Faced with the worst displacement crisis since the second world war,
many states are unlikely to accept as many refugees as they ought,
and very few are likely to accept more than they are required. So
though some refugees will be admitted, many with sound claims will
thus be wrongfully rejected. Are some ways of wrongfully rejecting
refugees less objectionable than others? If “yes”, is it then morally
justifiable to give priority to refugees who flee from worse forms
discrimination or persecution of minority groups than refugees who
flee less severe forms of discrimination?

In the abstract this might seem like a reasonable position. Yet, many
have found it objectionable to give priority to Christian refugees
from the Middle East – especially without a similar scheme for Muslim
refugees from countries where they experience comparable forms of
discrimination.

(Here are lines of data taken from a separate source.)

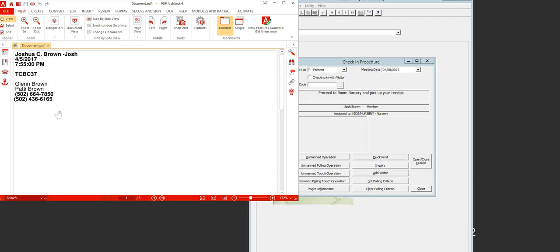If there's some emergency where you have to take the kids out of the building, you take that book with you and you have a good roll right there of everybody that's there. Now when the parent comes back to pick up the child, they will hand you that sticker that you gave them, and you'll put that on the right-hand side of their check-in sticker.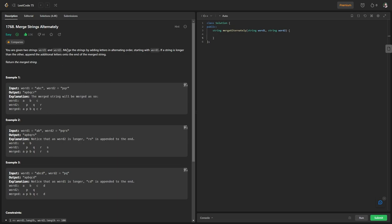For example one, word one contains 'abc' and word two contains 'pqr'. The resultant string is 'apbqcr'. Breaking it down: word one has letters a, b, c and word two has letters p, q, r.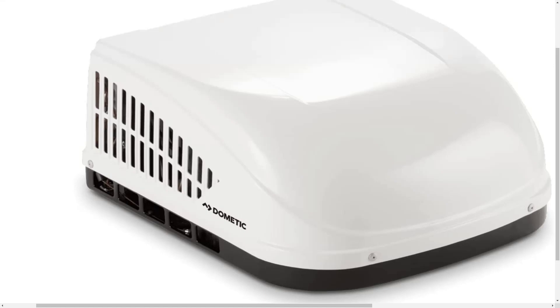Hey you guys, in today's video we're talking about the Dometic Brisk II Evolution. This is Dometic's new Brisk Air Air Conditioner.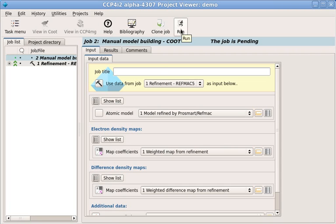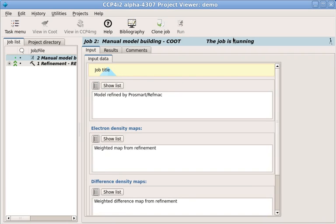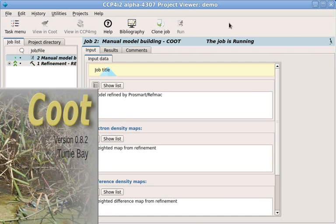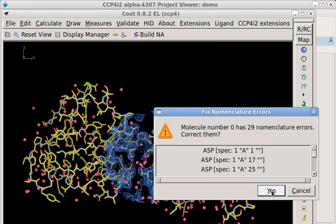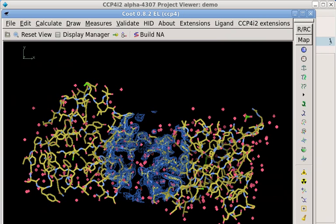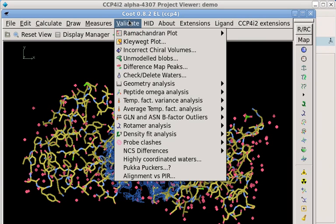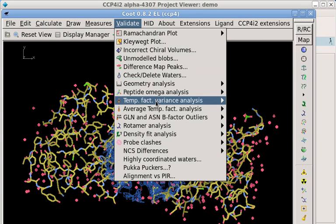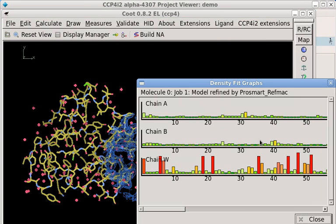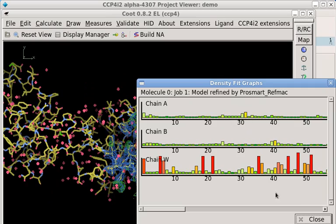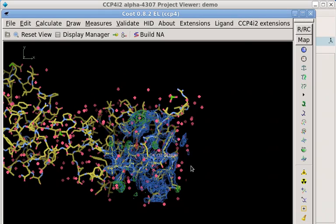In this case, the data are selected automatically, so we'll just click the Run button to start Coot. We'll do some validation and model building as usual in Coot.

Furthermore, giving priority to refugees on the basis
of the degree to which they experience discrimination and prosecution
in the countries from which they flee might involve drastic
divergences from present patterns of asylum admittances. For
instance, given the widespread and severe discrimination women and
homosexuals face in many parts of the world, should such refugees be
given priority, considering fewer men and heterosexuals would then be
admitted?

Some might reject the very idea of sorting refugees who all merit
asylum into different groups – triage for refugees as it were. And
some may instead reject the particular principle of risk of
persecution for the distribution of asylum, on the basis of this
principle’s implications. If so, which alternative or additional
principles should regulate the admission of refugees?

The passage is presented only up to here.